Sytuacja epidemiczna na Ukrainie, podobnie jak w Polsce, pogarsza się ostatnio z dnia na dzień. Jednym z najmocniej dotkniętych regionów jest obwód lwowski. W czwartek wykryto tam ponad 1300 nowych przypadków koronawirusa. Kolejnych 300 zakażonych trafiło do szpitali. Tym samym liczba hospitalizowanych przekroczyła 3 tys.
Lekarz Mychajło Riczniak z Obwodowego Klinicznego Szpitala Infekcyjnego we Lwowie przekazał, że w jego klinice, gotowej do przyjęcia 200 pacjentów, w piątek przebywało 224 chorych na COVID-19.

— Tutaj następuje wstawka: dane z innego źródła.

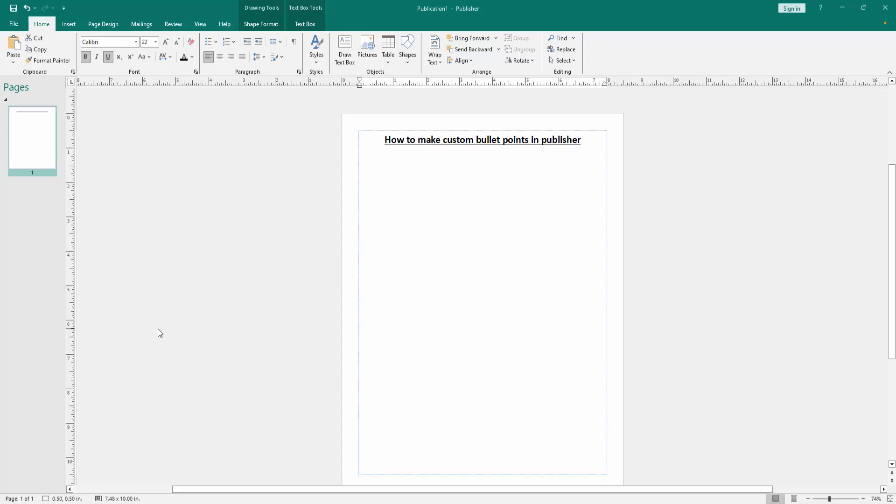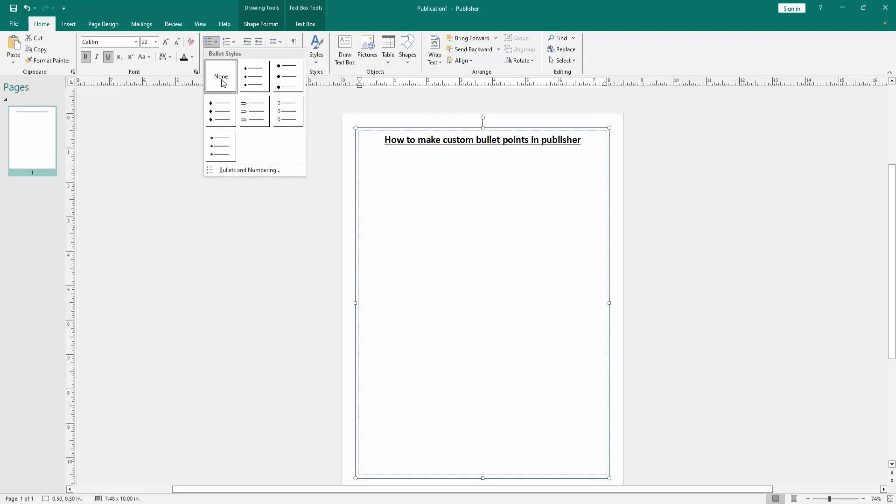Firstly, we have to open a Publisher document. Now we want to make custom bullet points. Go to the home menu, then click the bullets option. Then go to the bullets and numbering option.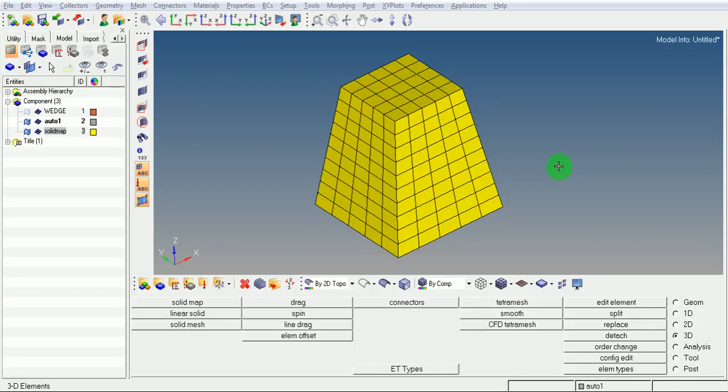In this video, the creation of solid elements for a wedge-shaped geometry is explained. Let us begin with the creation of a solid mesh.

– Dostawiliśmy dodatkowe łóżka, ale są przypadki, kiedy mąż z żoną albo matka z córką są na jednym łóżku. Miejsc praktycznie nie ma, kiedy tylko ktoś jest wypisany, na jego miejsce już kładzie się inny pacjent – tak Riczniak opisał sytuację w szpitalu.
Ukraińscy lekarze mają wielu młodych pacjentów z koronawirusem
Dodał, że aż 70 proc. pacjentów wymaga terapii tlenowej. Jest wśród nich wiele osób w wieku 35-45 lat. Podobnie wygląda sytuacja w polskich szpitalach, gdzie średnia wieku chorych jest coraz niższa.
Od początku pandemii na Ukrainie odnotowano już ponad 1,6 mln przypadków koronawirusa. Zmarło prawie 31,5 tys. zakażonych. W piątek ministerstwo zdrowia poinformowało o ponad 18 tys. nowych przypadkach infekcji i 326 ofiarach śmiertelnych.